Endometriosis Excision Surgeon

Dr. Olga Muldoon

Denver, Colorado


A minimally invasive GYN surgeon who has built her practice around endometriosis since 2021

Dr. Muldoon completed a fellowship in minimally invasive gynecologic surgery at Vanderbilt Medical Center, a program that trains fellows across a full spectrum of laparoscopic and hysteroscopic procedures including infertility, urogynecology, gynecologic oncology, and general gynecology. It is not an endo-dedicated program. Since completing that fellowship in 2021, she has oriented her practice at AdventHealth Porter toward endometriosis and complex pelvic surgery and is listed on Nancy's Nook's Colorado surgeon list. She performs excision and confirms she does not use ablation.

What comes through most clearly in patient accounts is her approach to the appointment itself. Patients describe her reading charts in advance, opening visits by telling patients they do not need to convince her of anything, and taking time that does not feel rushed. For patients who have spent years being dismissed, that experience carries real weight. She also runs her own social media accounts focused on patient validation and women's health.

Patients with suspected or earlier-stage disease who prioritize being heard and want an accessible, in-network option may find her a good fit. Patients with known severe or complex endometriosis should factor in her training background and the years she has been doing this work before deciding if she is the right surgeon for their case.
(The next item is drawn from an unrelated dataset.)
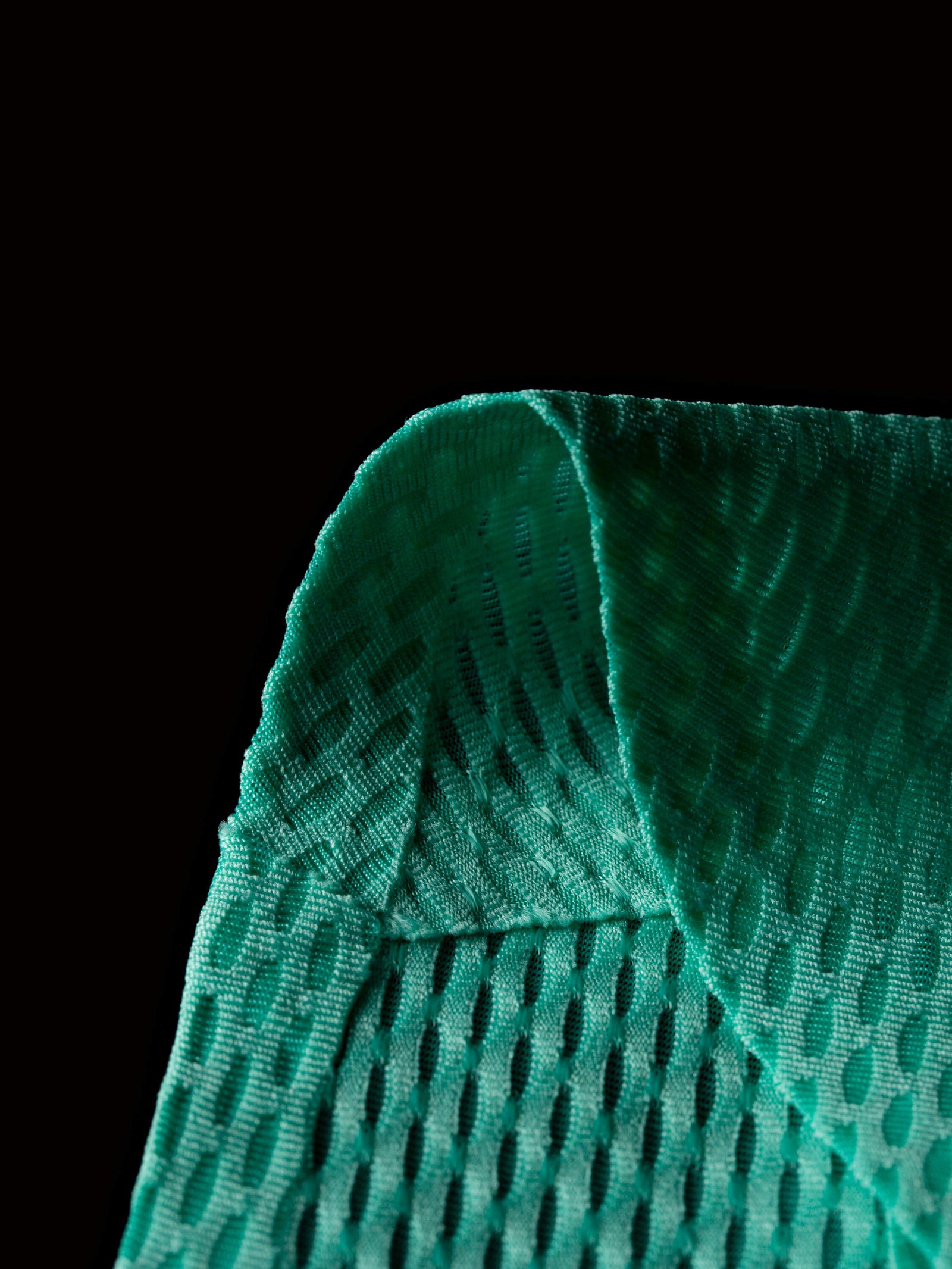 Closeup of heat bonded shoulder element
Endo-focused by practice choice since 2021; fellowship training was general MIGS, not endo-specific

Dr. Muldoon completed a fellowship in minimally invasive gynecologic surgery at Vanderbilt Medical Center, finishing in 2021. The Vanderbilt MIGS program trains fellows across a broad range of laparoscopic and hysteroscopic procedures including infertility, urogynecology, gynecologic oncology, and general gynecology. It is not an endo-dedicated program. Since 2021 she has practiced at AdventHealth Medical Group Complex Gynecology and Surgery at Porter in Denver, where endometriosis and chronic pelvic pain are listed as core areas of focus. Her practice profile lists endometriosis, adenomyosis, and chronic pelvic pain as treated conditions, and minimally invasive endometriosis excision with robotic assistance as a performed procedure.

She self-identifies publicly as an endometriosis specialist, including in her Instagram bio and in a 2025 patient consultation where she referenced knowing Nancy Petersen personally and described herself as the only surgeon on the Nancy's Nook Colorado list who is not retiring and still has availability. She is a member of the American Association of Gynecologic Laparoscopists (AAGL) and a junior fellow of the American College of Obstetricians and Gynecologists (ACOG). She is not listed on iCareBetter. No endo-specific peer-reviewed publications were found.

Primarily excision; both robotic and laparoscopic approaches available

In a YouTube educational video, Dr. Muldoon stated: "I personally practice primarily excision surgery." A 2025 patient consultation account describes her telling the patient directly that she always does excision and does not use ablation. A 2026 account relayed by her surgical PA describes a different approach, with the method chosen based on what she finds once she is inside during surgery. Patients who want clarity on this before surgery should ask directly. Both robotic and laparoscopic approaches are available. For cases where she is concerned about organ function post-surgery, she describes this as warranting either a combination approach or involvement of a subspecialist such as a colorectal or thoracic surgeon.

Adenomyosis, fibroids, chronic pelvic pain, fertility concerns

Beyond endometriosis, Dr. Muldoon treats adenomyosis, uterine fibroids, uterine prolapse, abnormal bleeding, and urinary incontinence. Chronic pelvic pain is listed as a core clinical area. Patient accounts document treatment of endometriosis alongside adenomyosis, including cases involving partial hysterectomy. She also cares for patients with fertility concerns related to endometriosis, including coordination with reproductive endocrinologists when IVF or egg retrieval is part of the patient's goals.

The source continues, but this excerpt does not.